Belonging As Infrastructure
with Andrea Carter · 01 June 2026
Workplace Culture Systems
In this episode of The Inclusion Bites Podcast, Joanne Lockwood speaks with Andrea D. Carter about belonging as infrastructure and why it must be treated as more than a feel-good concept. The conversation draws a clear distinction between DEI as an accountability framework and belonging as the lived experience that enables people to thrive at work.

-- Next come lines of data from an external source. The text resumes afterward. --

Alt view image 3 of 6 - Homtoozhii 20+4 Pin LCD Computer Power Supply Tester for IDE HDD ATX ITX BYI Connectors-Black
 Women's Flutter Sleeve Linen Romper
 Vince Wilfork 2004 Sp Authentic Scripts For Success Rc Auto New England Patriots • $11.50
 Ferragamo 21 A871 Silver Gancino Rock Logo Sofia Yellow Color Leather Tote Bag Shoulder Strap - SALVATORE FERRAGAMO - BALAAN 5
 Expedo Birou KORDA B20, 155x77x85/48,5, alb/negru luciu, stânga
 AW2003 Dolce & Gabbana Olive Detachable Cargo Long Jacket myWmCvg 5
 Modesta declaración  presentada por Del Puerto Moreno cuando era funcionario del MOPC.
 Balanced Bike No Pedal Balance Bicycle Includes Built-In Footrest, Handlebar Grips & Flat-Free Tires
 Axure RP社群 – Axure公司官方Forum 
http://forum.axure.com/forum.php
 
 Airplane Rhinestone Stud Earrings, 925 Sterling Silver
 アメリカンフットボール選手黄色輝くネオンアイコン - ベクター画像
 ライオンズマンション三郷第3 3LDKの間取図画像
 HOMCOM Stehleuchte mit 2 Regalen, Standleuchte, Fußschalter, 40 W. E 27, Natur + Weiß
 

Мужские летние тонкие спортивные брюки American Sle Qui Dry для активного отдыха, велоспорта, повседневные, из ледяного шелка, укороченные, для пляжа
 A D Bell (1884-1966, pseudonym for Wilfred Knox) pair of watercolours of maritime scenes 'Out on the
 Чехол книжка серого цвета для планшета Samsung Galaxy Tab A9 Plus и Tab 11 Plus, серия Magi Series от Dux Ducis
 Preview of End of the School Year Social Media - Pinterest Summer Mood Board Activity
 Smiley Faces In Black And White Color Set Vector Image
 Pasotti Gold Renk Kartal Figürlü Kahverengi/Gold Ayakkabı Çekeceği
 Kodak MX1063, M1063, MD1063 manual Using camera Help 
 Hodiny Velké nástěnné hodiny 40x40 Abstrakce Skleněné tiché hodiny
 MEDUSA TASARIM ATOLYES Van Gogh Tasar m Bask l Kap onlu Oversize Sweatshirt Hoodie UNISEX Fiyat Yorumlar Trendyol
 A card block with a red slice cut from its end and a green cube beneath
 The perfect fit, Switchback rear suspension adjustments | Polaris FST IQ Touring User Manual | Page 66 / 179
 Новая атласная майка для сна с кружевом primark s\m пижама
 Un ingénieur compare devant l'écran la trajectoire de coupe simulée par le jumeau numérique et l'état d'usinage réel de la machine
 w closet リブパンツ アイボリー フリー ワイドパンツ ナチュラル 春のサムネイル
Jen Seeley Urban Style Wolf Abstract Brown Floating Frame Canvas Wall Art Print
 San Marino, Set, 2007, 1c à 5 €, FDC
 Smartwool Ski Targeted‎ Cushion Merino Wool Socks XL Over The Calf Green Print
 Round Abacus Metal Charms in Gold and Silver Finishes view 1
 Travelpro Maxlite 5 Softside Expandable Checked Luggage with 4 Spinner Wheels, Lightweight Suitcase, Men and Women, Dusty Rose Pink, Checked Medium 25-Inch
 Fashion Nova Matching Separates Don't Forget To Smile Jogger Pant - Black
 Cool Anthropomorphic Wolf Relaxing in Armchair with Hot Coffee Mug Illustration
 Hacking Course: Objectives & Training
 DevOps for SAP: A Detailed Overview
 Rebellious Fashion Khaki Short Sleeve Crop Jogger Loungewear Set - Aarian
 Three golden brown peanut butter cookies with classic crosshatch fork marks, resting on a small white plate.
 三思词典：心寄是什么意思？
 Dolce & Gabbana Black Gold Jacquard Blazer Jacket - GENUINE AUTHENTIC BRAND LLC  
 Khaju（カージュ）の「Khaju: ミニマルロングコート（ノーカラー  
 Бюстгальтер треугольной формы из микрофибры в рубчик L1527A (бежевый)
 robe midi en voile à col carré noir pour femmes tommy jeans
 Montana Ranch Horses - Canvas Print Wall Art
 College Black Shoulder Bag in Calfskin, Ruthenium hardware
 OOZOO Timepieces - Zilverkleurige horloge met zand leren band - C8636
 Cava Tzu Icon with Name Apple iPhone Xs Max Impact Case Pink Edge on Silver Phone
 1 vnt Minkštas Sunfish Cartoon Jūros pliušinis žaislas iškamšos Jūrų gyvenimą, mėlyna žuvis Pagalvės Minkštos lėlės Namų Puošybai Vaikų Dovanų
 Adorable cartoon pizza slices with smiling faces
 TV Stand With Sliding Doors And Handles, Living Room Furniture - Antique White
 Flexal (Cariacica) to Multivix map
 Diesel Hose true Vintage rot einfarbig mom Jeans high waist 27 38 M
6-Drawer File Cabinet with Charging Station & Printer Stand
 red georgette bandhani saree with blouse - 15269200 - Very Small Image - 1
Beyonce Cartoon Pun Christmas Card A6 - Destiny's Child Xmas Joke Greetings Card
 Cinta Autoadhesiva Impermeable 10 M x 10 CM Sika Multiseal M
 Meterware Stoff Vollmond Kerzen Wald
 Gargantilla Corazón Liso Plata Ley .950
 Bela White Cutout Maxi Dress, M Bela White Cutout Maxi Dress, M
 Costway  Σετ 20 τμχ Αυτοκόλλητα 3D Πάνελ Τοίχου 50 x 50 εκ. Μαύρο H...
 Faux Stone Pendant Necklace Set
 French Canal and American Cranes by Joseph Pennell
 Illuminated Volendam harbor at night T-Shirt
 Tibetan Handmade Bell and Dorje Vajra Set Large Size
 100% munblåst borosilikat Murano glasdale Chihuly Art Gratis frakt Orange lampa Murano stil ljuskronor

Andrea explains her five indicators of belonging: comfort, connection, contribution, psychological safety, and wellbeing. She explores how clarity, predictability, trust, acknowledgement, speaking up, and sustainable working conditions all shape whether people can do their best work. The discussion also challenges “fitting in” cultures, highlights the limitations of engagement surveys, and stresses the importance of looking beyond averages to understand who is being left out.
The episode closes on the idea that belonging is measurable, actionable, and inseparable from organisational performance. Joanne and Andrea argue that leaders who want better retention, innovation, and trust need to build the conditions for belonging rather than rely on initiatives alone.
About Andrea Carter
One-sentence summary
Andrea D. Carter’s message is that belonging is not a feeling people should have to invent for themselves, but a shared human condition leaders must help create with clarity, trust, care and accountability.
Synopsis (two paragraphs)
Andrea D. Carter comes across as someone shaped by both scholarship and lived observation: a neuroscience-based workplace belonging expert, organisational scientist and founder of a methodology built to make belonging measurable. She speaks with the calm of someone who has spent years looking beneath the surface of teams, leadership and culture, and with the warmth of someone who notices the human cost when people are left to “figure it out” on their own. Her language is grounded and practical, but underneath it is a clear moral instinct — she pays attention to the people who are easy to miss, the ones whose energy gets drained by ambiguity, silence or dismissal.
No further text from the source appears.